• _Task inputs_:
※

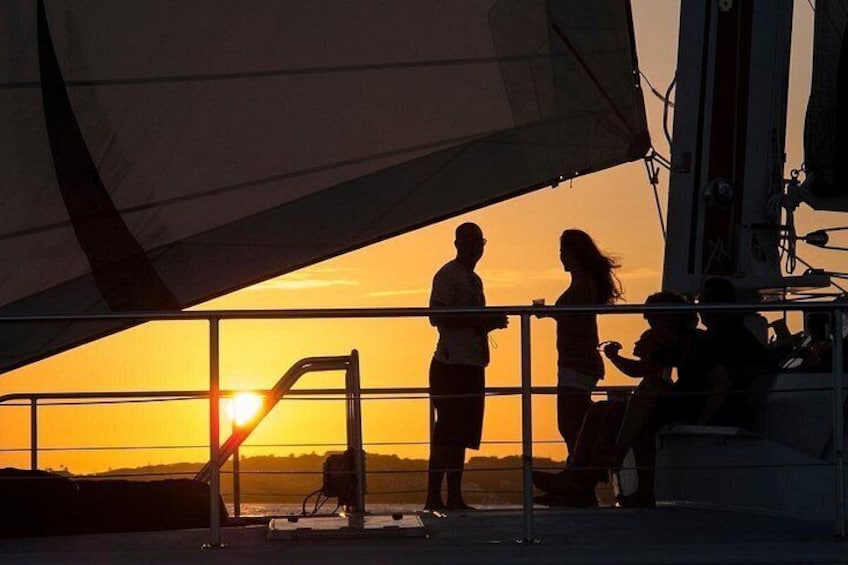 A sunset with silhouettes of people on a boat. 2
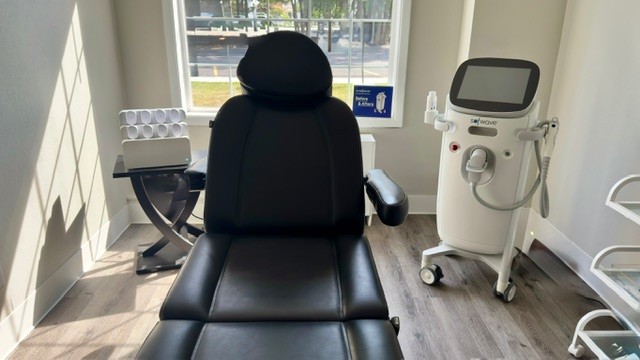 A black medical chair in a well-lit clinic room with equipment and a window in the background.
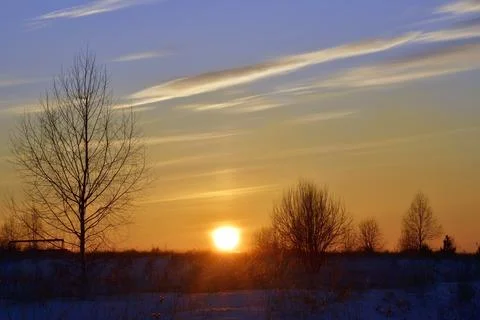 The dim winter sun sets over the horizon on an endless snow-covered field Stock Photos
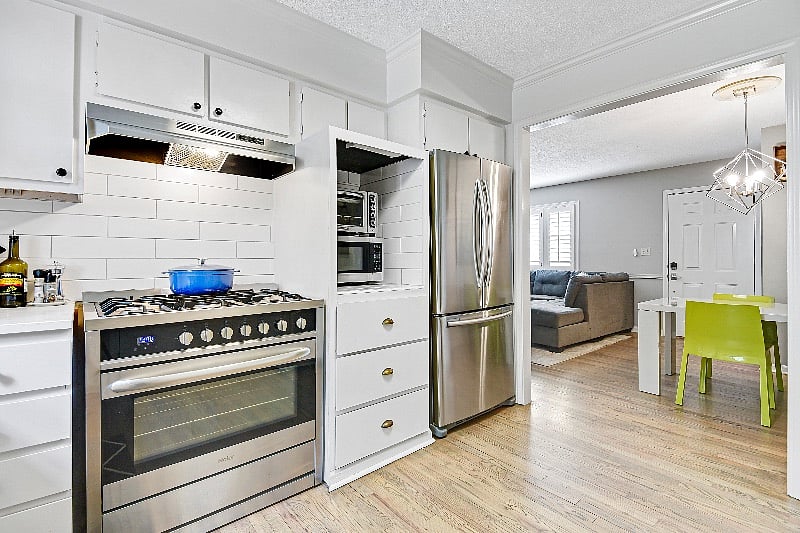 Kitchen features stainless steel appliances with 36 inch gas range. 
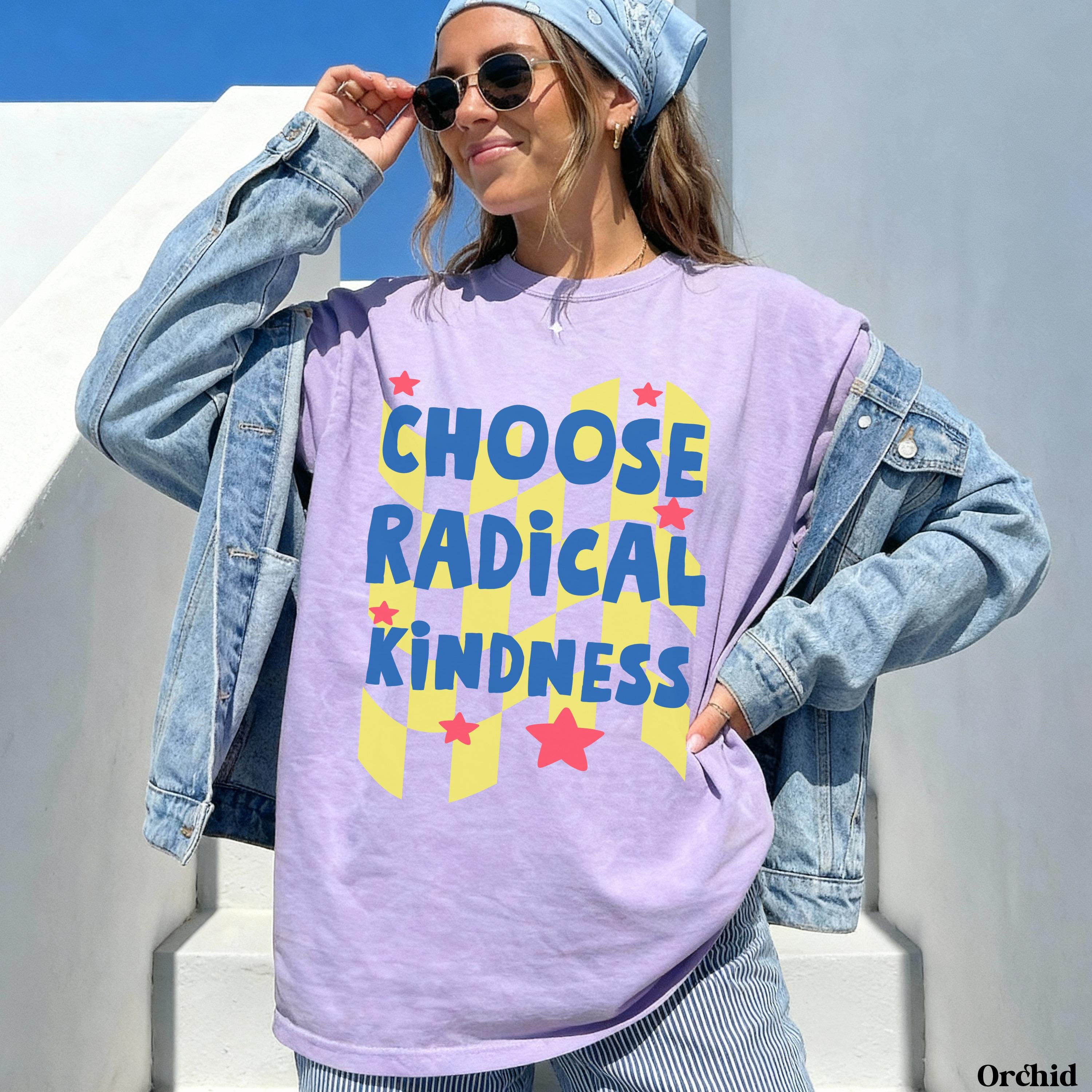 Woman wearing purple t-shirt with "CHOOSE RADICAL KINDNESS" text.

※

• _Exercise brief_:
Leaving every picture out, please copy exactly the lines from the one holding "The dim winter" through the last line of the listing, both ends included.

• _Written reply_:
 The dim winter sun sets over the horizon on an endless snow-covered field Stock Photos
 Kitchen features stainless steel appliances with 36 inch gas range. 
 Woman wearing purple t-shirt with "CHOOSE RADICAL KINDNESS" text.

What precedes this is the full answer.